NOVENO. Por todo lo antes expuesto, el recurso de suplicación de la trabajadora demandante, Doña Marina , será estimado en cuanto a la pretensión de extensión de la condena a Don Oscar , y el recurso de suplicación de Don Narciso será parcialmente estimado en cuanto a su absolución, debiéndose entender condenado la Entidad Mercantil Grupo Omote, S.L., y desestimando en todo lo demás ambos recursos.
Fallo
Estimando parcialmente el recurso de suplicación interpuesto por Doña Marina , y estimando parcialmente el recurso de suplicación interpuesto por Don Narciso , ambos contra la Sentencia de 4 de septiembre de 2017 del Juzgado de lo Social número 1 de Santiago de Compostela, dictada en juicio seguido a instancia de Doña Marina contra Don Narciso , Don Oscar , Don Obdulio , Doña Natividad , la Entidad Mercantil Balbina Industrias Panadería Auxiliar Sociedad Limitada, y la Entidad Mercantil Grupo Omote Sociedad Limitada, con llamamiento a juicio del Fondo de Garantía Salarial, la Sala la revoca en el sentido de condenar solidariamente a Don Oscar y a la Entidad Mercantil Grupo Omote Sociedad Limitada, quedando absuelto Don Narciso , manteniendo en todo lo restante el fallo contenido en la sentencia de instancia MODO DE IMPUGNACIÓN: Se hace saber a las partes que contra esta sentencia cabe interponer recurso de Casación para Unificación de Doctrina que ha de prepararse mediante escrito presentado ante esta Sala dentro del improrrogable plazo de diez días hábiles inmediatos siguientes a la fecha de notificación de la sentencia.

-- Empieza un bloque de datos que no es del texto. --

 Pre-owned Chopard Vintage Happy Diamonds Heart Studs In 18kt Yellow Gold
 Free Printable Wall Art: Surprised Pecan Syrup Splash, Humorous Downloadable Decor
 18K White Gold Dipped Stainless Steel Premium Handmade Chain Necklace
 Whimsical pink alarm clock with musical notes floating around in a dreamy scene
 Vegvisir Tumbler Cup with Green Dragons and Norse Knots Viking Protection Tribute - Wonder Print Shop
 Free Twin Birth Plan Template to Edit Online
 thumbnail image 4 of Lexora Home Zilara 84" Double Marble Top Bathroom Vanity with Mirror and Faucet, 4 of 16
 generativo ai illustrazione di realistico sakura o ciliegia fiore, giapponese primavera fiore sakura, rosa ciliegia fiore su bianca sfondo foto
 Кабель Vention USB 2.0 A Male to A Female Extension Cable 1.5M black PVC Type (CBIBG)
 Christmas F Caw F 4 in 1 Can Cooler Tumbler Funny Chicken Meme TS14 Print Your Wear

Si el recurrente no tuviera la condición de trabajador o beneficiario del régimen público de seguridad social deberá efectuar: - El depósito de 600 € en la cuenta de 16 dígitos de esta Sala, abierta en el Banco de SANTANDER (BANESTO) con el nº 1552 0000 37 seguida del cuatro dígitos correspondientes al nº del recurso y dos dígitos del año del mismo.- Asimismo si hay cantidad de condena deberá consignarla en la misma cuenta, pero con el código 80 en vez del 35 ó bien presentar aval bancario solidario en forma.
- Si el ingreso se hace mediante transferencia bancaria desde una cuenta abierta en cualquier entidad bancaria distinta, habrá que emitirla a la cuenta de veinte dígitos 0049 3569 92 0005001274 y hacer constar en el campo 'Observaciones ó Concepto de la transferencia' los 16 dígitos que corresponden al procedimiento ( 1552 0000 80 ó 35 **** ++).
Una vez firme, expídase certificación para constancia en el Rollo que se archivará en este Tribunal incorporándose el original al correspondiente Libro de Sentencias, previa devolución de los autos al Juzgado de lo Social de procedencia.
Así por esta nuestra sentencia, lo pronunciamos, mandamos y firmamos.
PUBLICACIÓN.- Leída y publicada fue la anterior sentencia en el día de su fecha, por el Ilmo. Sr.
Magistrado-Ponente que la suscribe, en la Sala de Audiencia de este Tribunal. Doy fe.